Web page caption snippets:
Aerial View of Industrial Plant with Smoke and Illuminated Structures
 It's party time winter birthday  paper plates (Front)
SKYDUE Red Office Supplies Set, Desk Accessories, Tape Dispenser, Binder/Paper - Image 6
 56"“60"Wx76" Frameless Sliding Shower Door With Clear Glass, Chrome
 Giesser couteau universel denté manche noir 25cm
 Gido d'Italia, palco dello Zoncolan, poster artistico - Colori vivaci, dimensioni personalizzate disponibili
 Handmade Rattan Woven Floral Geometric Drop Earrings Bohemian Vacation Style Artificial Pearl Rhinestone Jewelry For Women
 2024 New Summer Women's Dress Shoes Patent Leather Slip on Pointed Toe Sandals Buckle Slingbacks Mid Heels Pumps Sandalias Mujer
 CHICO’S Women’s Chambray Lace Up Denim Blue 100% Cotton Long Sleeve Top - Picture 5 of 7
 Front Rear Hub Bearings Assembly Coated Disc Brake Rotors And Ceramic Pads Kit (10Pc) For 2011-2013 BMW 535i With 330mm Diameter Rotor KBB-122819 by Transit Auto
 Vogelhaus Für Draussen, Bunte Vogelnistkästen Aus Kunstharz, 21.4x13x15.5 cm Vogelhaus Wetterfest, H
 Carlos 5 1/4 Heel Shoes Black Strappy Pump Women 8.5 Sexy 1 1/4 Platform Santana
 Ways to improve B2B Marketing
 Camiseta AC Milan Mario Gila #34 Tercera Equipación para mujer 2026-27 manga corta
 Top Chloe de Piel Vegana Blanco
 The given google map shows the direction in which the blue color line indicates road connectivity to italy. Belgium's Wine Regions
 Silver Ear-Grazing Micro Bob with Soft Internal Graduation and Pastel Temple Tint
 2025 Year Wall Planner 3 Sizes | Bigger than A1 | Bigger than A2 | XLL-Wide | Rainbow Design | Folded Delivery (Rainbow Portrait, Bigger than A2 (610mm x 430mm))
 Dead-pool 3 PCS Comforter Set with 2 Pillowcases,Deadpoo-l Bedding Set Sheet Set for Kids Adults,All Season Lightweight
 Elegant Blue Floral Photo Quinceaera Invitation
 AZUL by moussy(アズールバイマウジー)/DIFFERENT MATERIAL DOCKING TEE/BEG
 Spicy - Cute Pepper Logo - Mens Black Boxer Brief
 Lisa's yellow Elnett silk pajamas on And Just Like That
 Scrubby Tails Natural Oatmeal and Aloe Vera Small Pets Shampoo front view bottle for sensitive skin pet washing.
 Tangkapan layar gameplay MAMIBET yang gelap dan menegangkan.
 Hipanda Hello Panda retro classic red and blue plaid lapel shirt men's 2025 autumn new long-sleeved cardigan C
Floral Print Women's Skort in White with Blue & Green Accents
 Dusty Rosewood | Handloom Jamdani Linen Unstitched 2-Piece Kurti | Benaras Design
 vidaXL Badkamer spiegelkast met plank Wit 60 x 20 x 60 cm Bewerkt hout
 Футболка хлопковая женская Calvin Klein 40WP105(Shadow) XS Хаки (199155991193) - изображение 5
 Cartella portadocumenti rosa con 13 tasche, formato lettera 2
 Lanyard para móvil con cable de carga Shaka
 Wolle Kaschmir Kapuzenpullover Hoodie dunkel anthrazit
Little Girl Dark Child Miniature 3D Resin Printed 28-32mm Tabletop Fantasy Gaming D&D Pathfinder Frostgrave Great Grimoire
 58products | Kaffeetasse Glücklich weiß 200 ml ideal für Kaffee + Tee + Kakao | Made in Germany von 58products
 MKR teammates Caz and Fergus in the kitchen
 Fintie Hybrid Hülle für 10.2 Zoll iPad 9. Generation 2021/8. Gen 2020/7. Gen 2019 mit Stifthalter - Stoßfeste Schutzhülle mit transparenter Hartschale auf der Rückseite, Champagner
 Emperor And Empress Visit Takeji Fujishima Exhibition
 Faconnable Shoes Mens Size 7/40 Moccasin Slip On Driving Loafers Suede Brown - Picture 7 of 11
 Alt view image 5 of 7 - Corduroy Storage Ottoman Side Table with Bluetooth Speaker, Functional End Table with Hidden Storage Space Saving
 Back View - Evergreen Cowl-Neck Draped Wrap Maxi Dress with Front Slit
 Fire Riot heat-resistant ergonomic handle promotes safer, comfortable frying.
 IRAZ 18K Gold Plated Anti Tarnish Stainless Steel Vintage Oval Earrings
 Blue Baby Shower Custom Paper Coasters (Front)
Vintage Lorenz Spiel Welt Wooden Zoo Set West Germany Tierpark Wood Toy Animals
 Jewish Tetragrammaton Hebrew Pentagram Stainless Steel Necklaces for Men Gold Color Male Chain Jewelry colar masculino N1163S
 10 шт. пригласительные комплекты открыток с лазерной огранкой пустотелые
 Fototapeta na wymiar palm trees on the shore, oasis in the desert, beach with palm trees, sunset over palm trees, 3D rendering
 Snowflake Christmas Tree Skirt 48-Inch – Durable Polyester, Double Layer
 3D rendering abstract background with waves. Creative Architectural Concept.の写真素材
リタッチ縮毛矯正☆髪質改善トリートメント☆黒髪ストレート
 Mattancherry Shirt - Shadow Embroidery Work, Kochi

● Your task: Exactly as they appear above, the records are to be transcribed in full.

● Exercise solution:
Aerial View of Industrial Plant with Smoke and Illuminated Structures
 It's party time winter birthday  paper plates (Front)
SKYDUE Red Office Supplies Set, Desk Accessories, Tape Dispenser, Binder/Paper - Image 6
 56"“60"Wx76" Frameless Sliding Shower Door With Clear Glass, Chrome
 Giesser couteau universel denté manche noir 25cm
 Gido d'Italia, palco dello Zoncolan, poster artistico - Colori vivaci, dimensioni personalizzate disponibili
 Handmade Rattan Woven Floral Geometric Drop Earrings Bohemian Vacation Style Artificial Pearl Rhinestone Jewelry For Women
 2024 New Summer Women's Dress Shoes Patent Leather Slip on Pointed Toe Sandals Buckle Slingbacks Mid Heels Pumps Sandalias Mujer
 CHICO’S Women’s Chambray Lace Up Denim Blue 100% Cotton Long Sleeve Top - Picture 5 of 7
 Front Rear Hub Bearings Assembly Coated Disc Brake Rotors And Ceramic Pads Kit (10Pc) For 2011-2013 BMW 535i With 330mm Diameter Rotor KBB-122819 by Transit Auto
 Vogelhaus Für Draussen, Bunte Vogelnistkästen Aus Kunstharz, 21.4x13x15.5 cm Vogelhaus Wetterfest, H
 Carlos 5 1/4 Heel Shoes Black Strappy Pump Women 8.5 Sexy 1 1/4 Platform Santana
 Ways to improve B2B Marketing
 Camiseta AC Milan Mario Gila #34 Tercera Equipación para mujer 2026-27 manga corta
 Top Chloe de Piel Vegana Blanco
 The given google map shows the direction in which the blue color line indicates road connectivity to italy. Belgium's Wine Regions
 Silver Ear-Grazing Micro Bob with Soft Internal Graduation and Pastel Temple Tint
 2025 Year Wall Planner 3 Sizes | Bigger than A1 | Bigger than A2 | XLL-Wide | Rainbow Design | Folded Delivery (Rainbow Portrait, Bigger than A2 (610mm x 430mm))
 Dead-pool 3 PCS Comforter Set with 2 Pillowcases,Deadpoo-l Bedding Set Sheet Set for Kids Adults,All Season Lightweight
 Elegant Blue Floral Photo Quinceaera Invitation
 AZUL by moussy(アズールバイマウジー)/DIFFERENT MATERIAL DOCKING TEE/BEG
 Spicy - Cute Pepper Logo - Mens Black Boxer Brief
 Lisa's yellow Elnett silk pajamas on And Just Like That
 Scrubby Tails Natural Oatmeal and Aloe Vera Small Pets Shampoo front view bottle for sensitive skin pet washing.
 Tangkapan layar gameplay MAMIBET yang gelap dan menegangkan.
 Hipanda Hello Panda retro classic red and blue plaid lapel shirt men's 2025 autumn new long-sleeved cardigan C
Floral Print Women's Skort in White with Blue & Green Accents
 Dusty Rosewood | Handloom Jamdani Linen Unstitched 2-Piece Kurti | Benaras Design
 vidaXL Badkamer spiegelkast met plank Wit 60 x 20 x 60 cm Bewerkt hout
 Футболка хлопковая женская Calvin Klein 40WP105(Shadow) XS Хаки (199155991193) - изображение 5
 Cartella portadocumenti rosa con 13 tasche, formato lettera 2
 Lanyard para móvil con cable de carga Shaka
 Wolle Kaschmir Kapuzenpullover Hoodie dunkel anthrazit
Little Girl Dark Child Miniature 3D Resin Printed 28-32mm Tabletop Fantasy Gaming D&D Pathfinder Frostgrave Great Grimoire
 58products | Kaffeetasse Glücklich weiß 200 ml ideal für Kaffee + Tee + Kakao | Made in Germany von 58products
 MKR teammates Caz and Fergus in the kitchen
 Fintie Hybrid Hülle für 10.2 Zoll iPad 9. Generation 2021/8. Gen 2020/7. Gen 2019 mit Stifthalter - Stoßfeste Schutzhülle mit transparenter Hartschale auf der Rückseite, Champagner
 Emperor And Empress Visit Takeji Fujishima Exhibition
 Faconnable Shoes Mens Size 7/40 Moccasin Slip On Driving Loafers Suede Brown - Picture 7 of 11
 Alt view image 5 of 7 - Corduroy Storage Ottoman Side Table with Bluetooth Speaker, Functional End Table with Hidden Storage Space Saving
 Back View - Evergreen Cowl-Neck Draped Wrap Maxi Dress with Front Slit
 Fire Riot heat-resistant ergonomic handle promotes safer, comfortable frying.
 IRAZ 18K Gold Plated Anti Tarnish Stainless Steel Vintage Oval Earrings
 Blue Baby Shower Custom Paper Coasters (Front)
Vintage Lorenz Spiel Welt Wooden Zoo Set West Germany Tierpark Wood Toy Animals
 Jewish Tetragrammaton Hebrew Pentagram Stainless Steel Necklaces for Men Gold Color Male Chain Jewelry colar masculino N1163S
 10 шт. пригласительные комплекты открыток с лазерной огранкой пустотелые
 Fototapeta na wymiar palm trees on the shore, oasis in the desert, beach with palm trees, sunset over palm trees, 3D rendering
 Snowflake Christmas Tree Skirt 48-Inch – Durable Polyester, Double Layer
 3D rendering abstract background with waves. Creative Architectural Concept.の写真素材
リタッチ縮毛矯正☆髪質改善トリートメント☆黒髪ストレート
 Mattancherry Shirt - Shadow Embroidery Work, Kochi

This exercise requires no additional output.